━━━━━ DATASET CONTENT ━━━━━

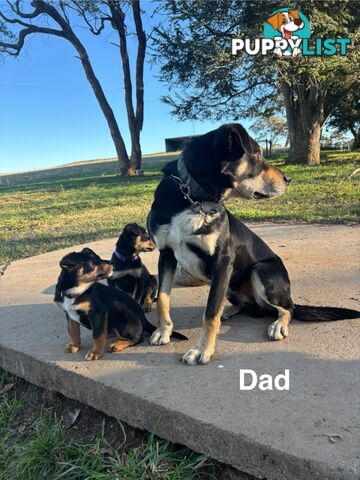 Kelpie x Border Collie Puppies
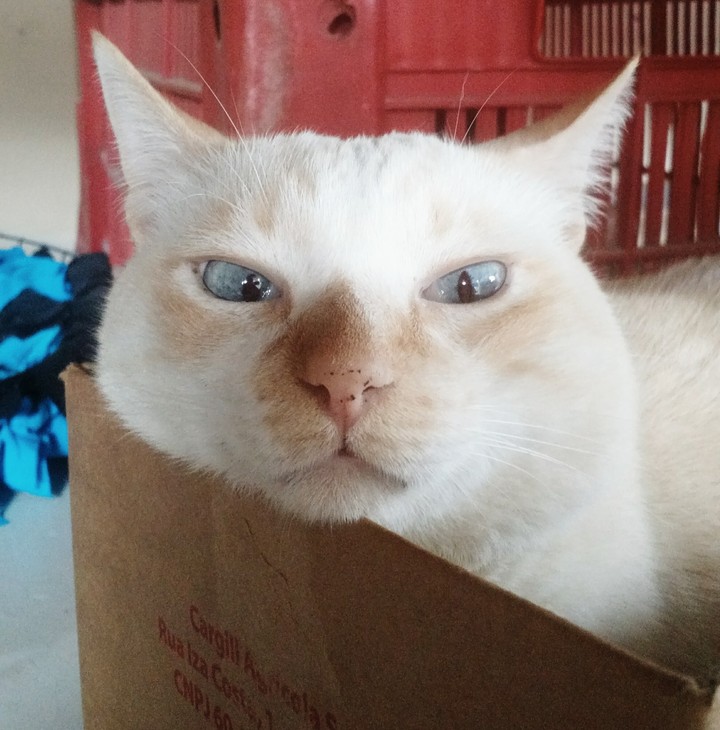 lindo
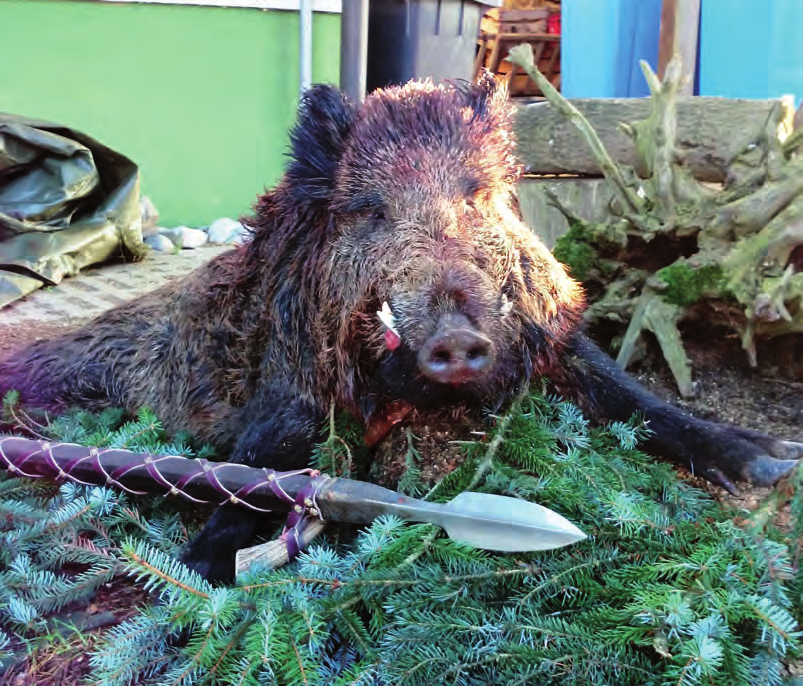 Nochmal Schwein gehabt Ein außergewöhnliches Jagderlebnis im November 2013 auf der Schwäbischen Alb.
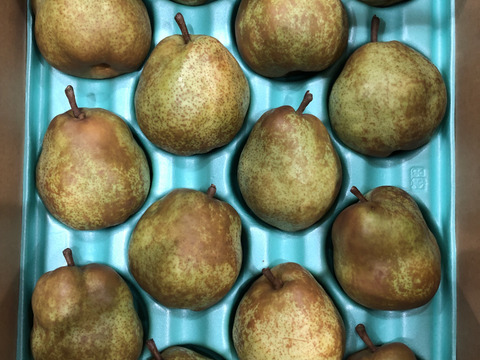 ラ・フランス5kg14玉　追熟し完了後発送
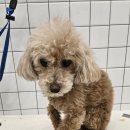 반자주 진해점 이미지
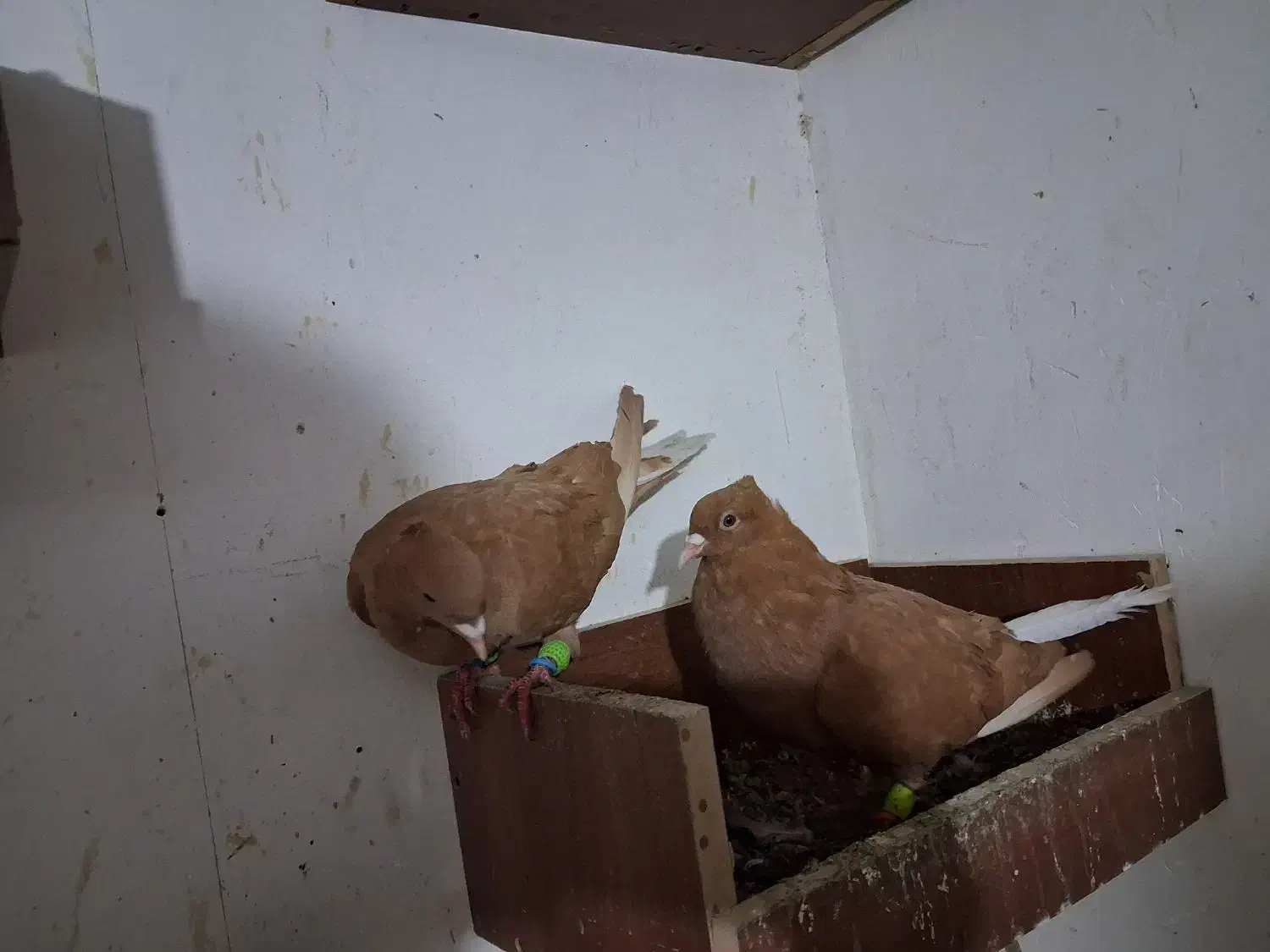 تعداد ۱۰۰عدد دم سفید کرمونی|پرنده|مشهد, هفده شهریور|دیوار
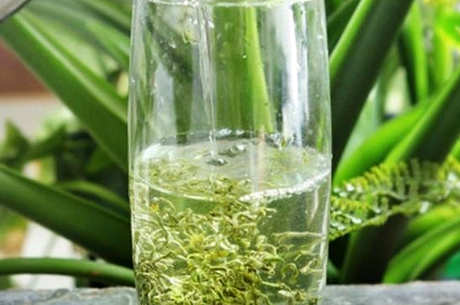 喝碧螺春需要洗茶吗？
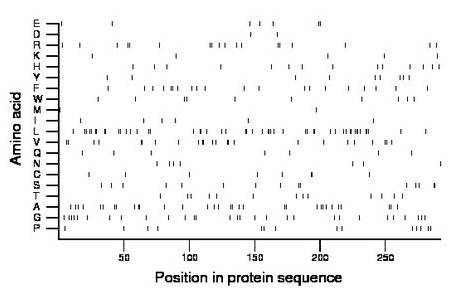 amino acid map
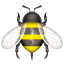Honeybee Emoji Whatsapp U+1F41D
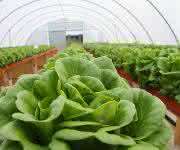 Salat im hydroponischen Anbauverfahren im Forschungsprojekt HypoWave (Bild: HypoWave) Salat im Gewächshaus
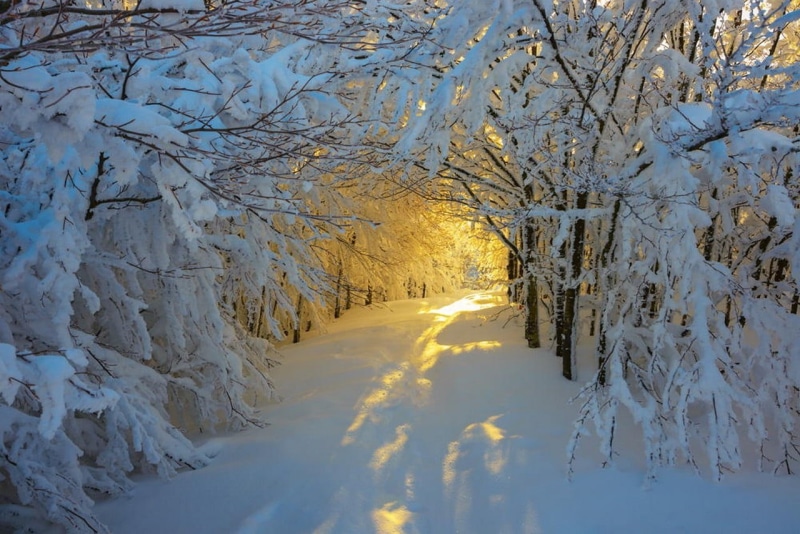 nature, no people, white, yellow, leafless, winter, plant, direction, forest, trees, day, beauty in nature, tranquil scene, snow, landscape, Italy, tranquility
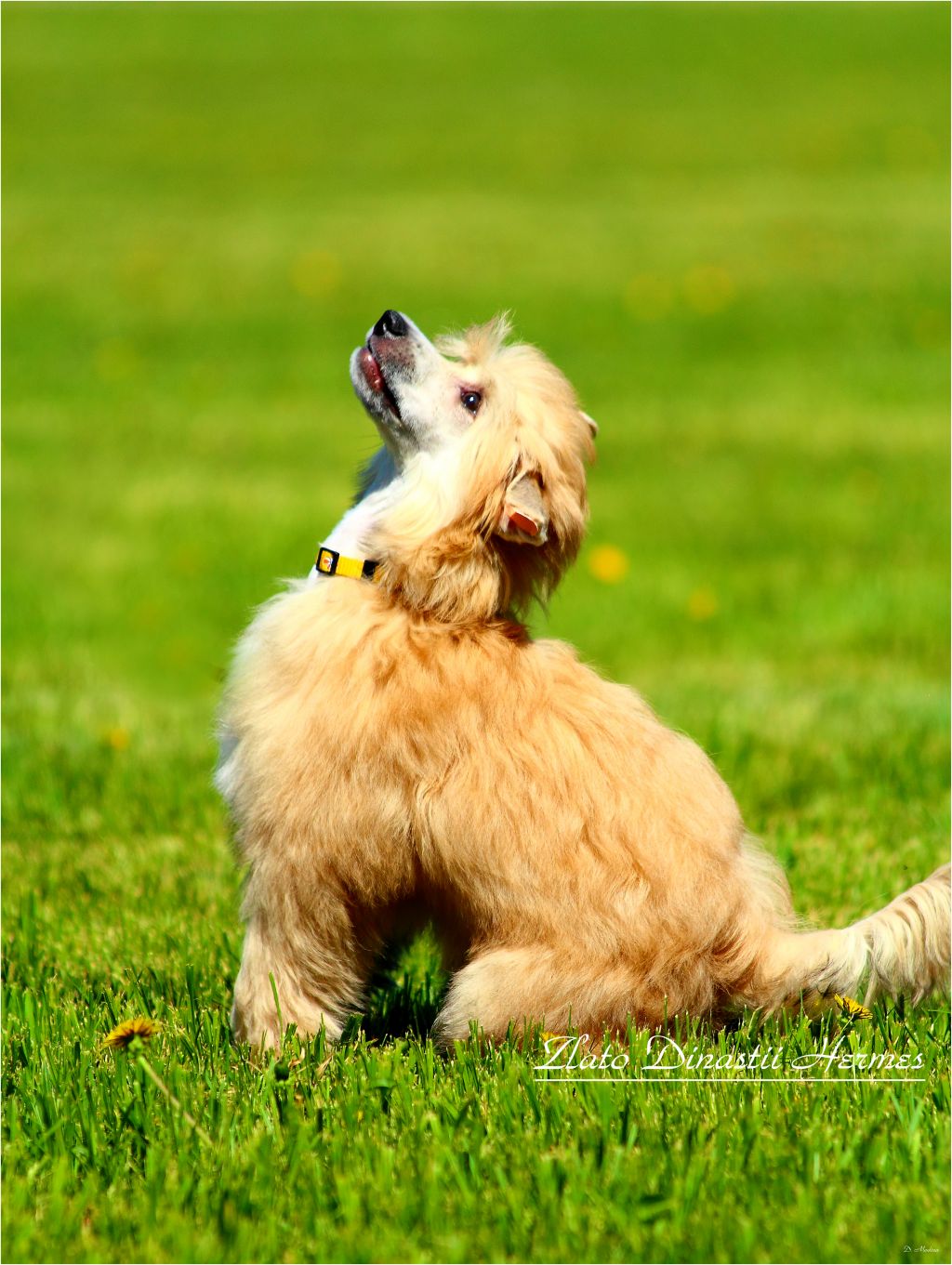 Zlato Dinastii Hermes,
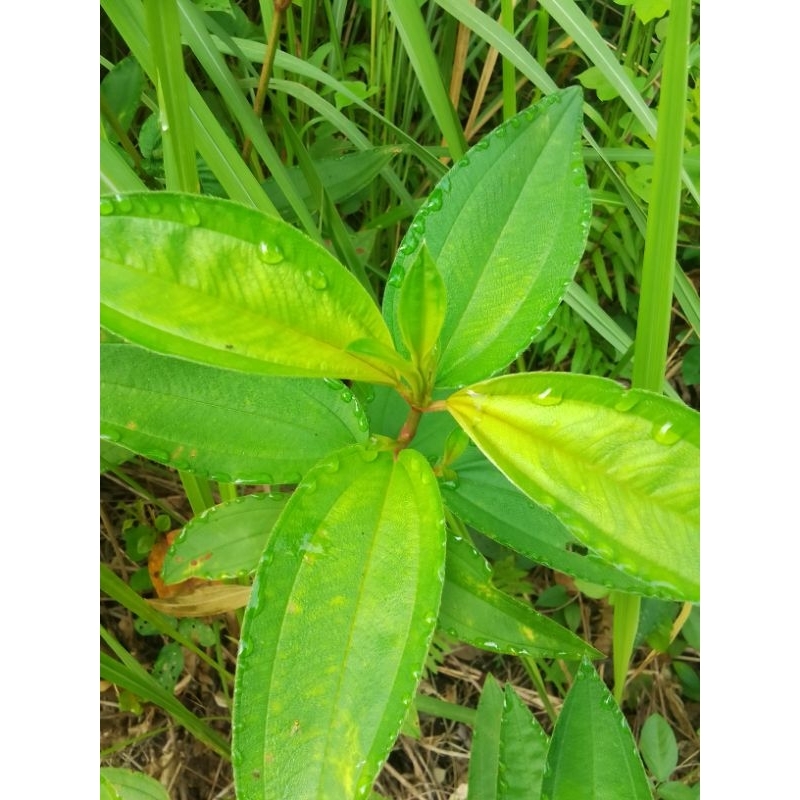 

Daun Harendong Gede (Melastoma malabathricum)Daun senduduk Daun herbal organik/ Nur'falisha oll shopp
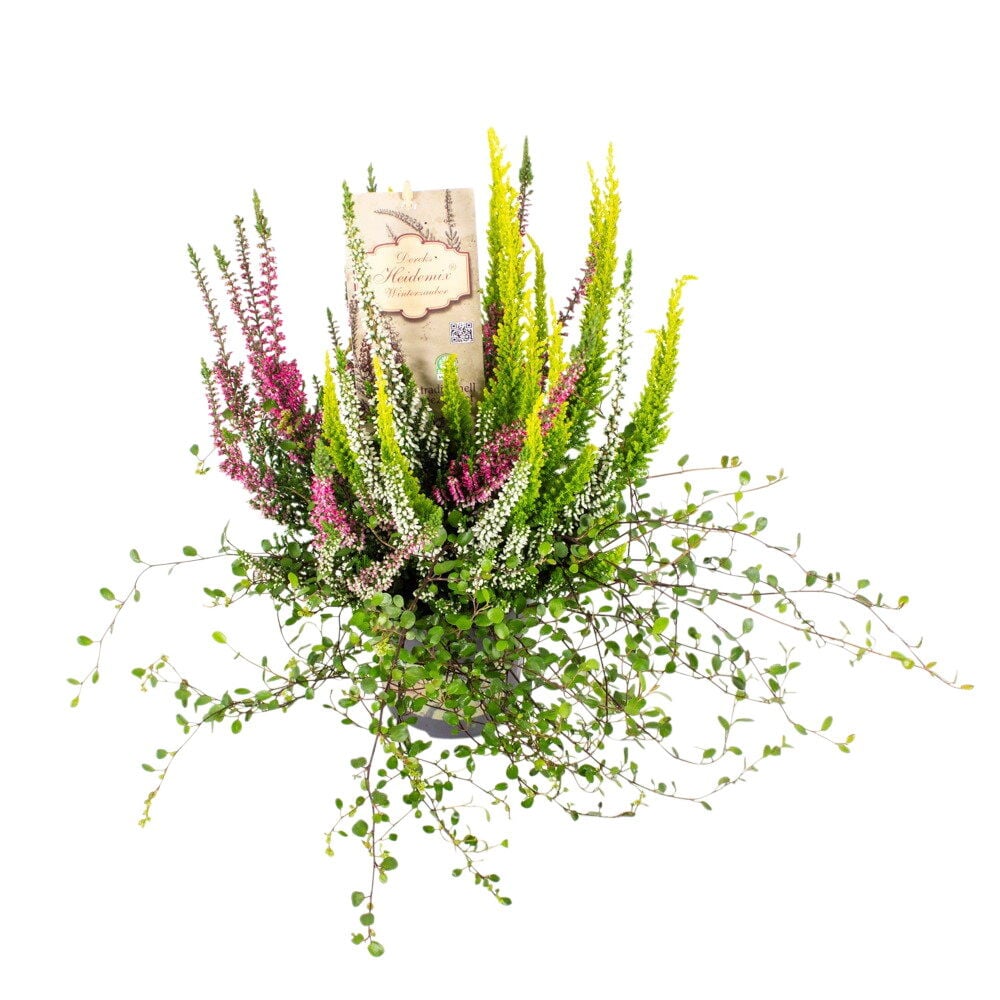 Calluna Heidemix 11 cm, ruukku vaaleanpunaisilla, valkoisilla ja keltaisilla kanervilla sekä vihreillä köynnöksillä.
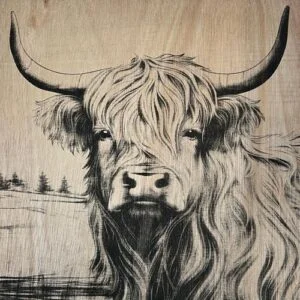 Highland koe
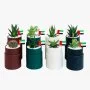 Mini Succulent Mix Set of 8 – UAE National Day By WANDER POT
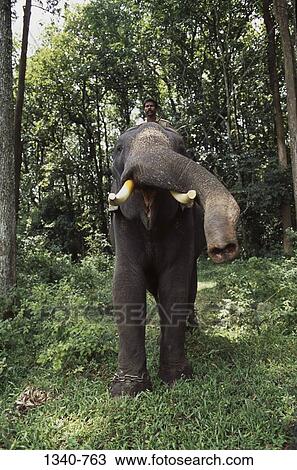 Man riding an elephant in a forest at a traditional Elephant Day celebration, Indira Gandhi National Park, Coimbatore, Tamil Nadu, India View Large Photo Image Stock Image - Man riding an elephant in a forest at a traditional Elephant Day celebration, Indira Gandhi National Park, Coimbatore, Tamil Nadu, India. Fotosearch
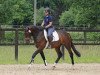 broodmare Dieda 6 (Hanoverian, 2009, from Diarado)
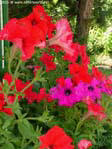 sommer70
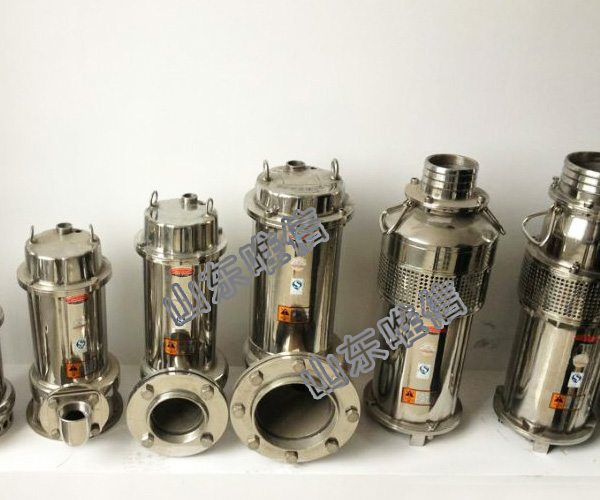 Stainless Steel Submersible Sea Water Pump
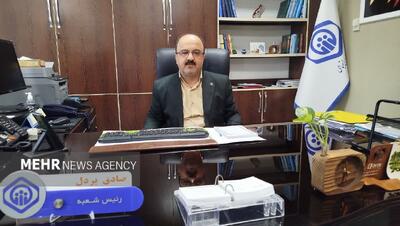 پردل: ۵۰ هزار نفر در آستانه اشرفیه تحت پوشش تأمین اجتماعی هستند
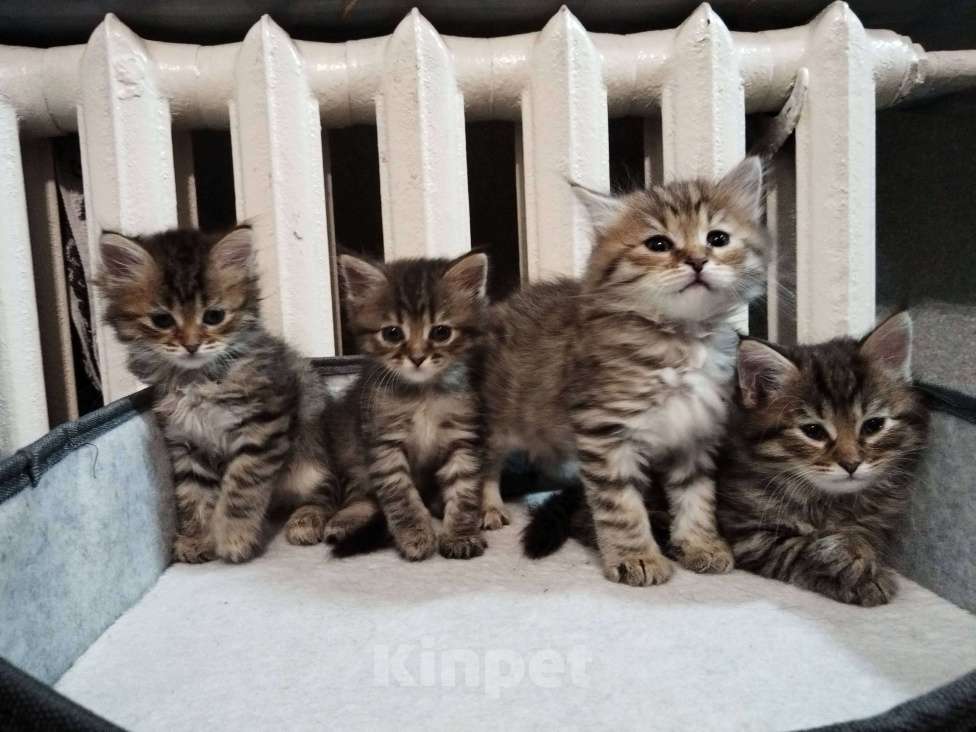 Кошки в Томске: Породистый сибирский котёнок Мия  Девочка, 10 000 руб. - фото 1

━━━━━

• **THE PROBLEM**
Your copy should match the records above exactly, except that it contains no pictures.

• **COMPLETED EXERCISE**
 Kelpie x Border Collie Puppies
 lindo
 Nochmal Schwein gehabt Ein außergewöhnliches Jagderlebnis im November 2013 auf der Schwäbischen Alb.
 ラ・フランス5kg14玉　追熟し完了後発送
 반자주 진해점 이미지
 تعداد ۱۰۰عدد دم سفید کرمونی|پرنده|مشهد, هفده شهریور|دیوار
 喝碧螺春需要洗茶吗？
 amino acid map
Honeybee Emoji Whatsapp U+1F41D
 Salat im hydroponischen Anbauverfahren im Forschungsprojekt HypoWave (Bild: HypoWave) Salat im Gewächshaus
 nature, no people, white, yellow, leafless, winter, plant, direction, forest, trees, day, beauty in nature, tranquil scene, snow, landscape, Italy, tranquility
 Zlato Dinastii Hermes,

Daun Harendong Gede (Melastoma malabathricum)Daun senduduk Daun herbal organik/ Nur'falisha oll shopp
 Calluna Heidemix 11 cm, ruukku vaaleanpunaisilla, valkoisilla ja keltaisilla kanervilla sekä vihreillä köynnöksillä.
 Highland koe
 Mini Succulent Mix Set of 8 – UAE National Day By WANDER POT
 Man riding an elephant in a forest at a traditional Elephant Day celebration, Indira Gandhi National Park, Coimbatore, Tamil Nadu, India View Large Photo Image Stock Image - Man riding an elephant in a forest at a traditional Elephant Day celebration, Indira Gandhi National Park, Coimbatore, Tamil Nadu, India. Fotosearch
 broodmare Dieda 6 (Hanoverian, 2009, from Diarado)
 sommer70
 Stainless Steel Submersible Sea Water Pump
 پردل: ۵۰ هزار نفر در آستانه اشرفیه تحت پوشش تأمین اجتماعی هستند
 Кошки в Томске: Породистый сибирский котёнок Мия  Девочка, 10 000 руб. - фото 1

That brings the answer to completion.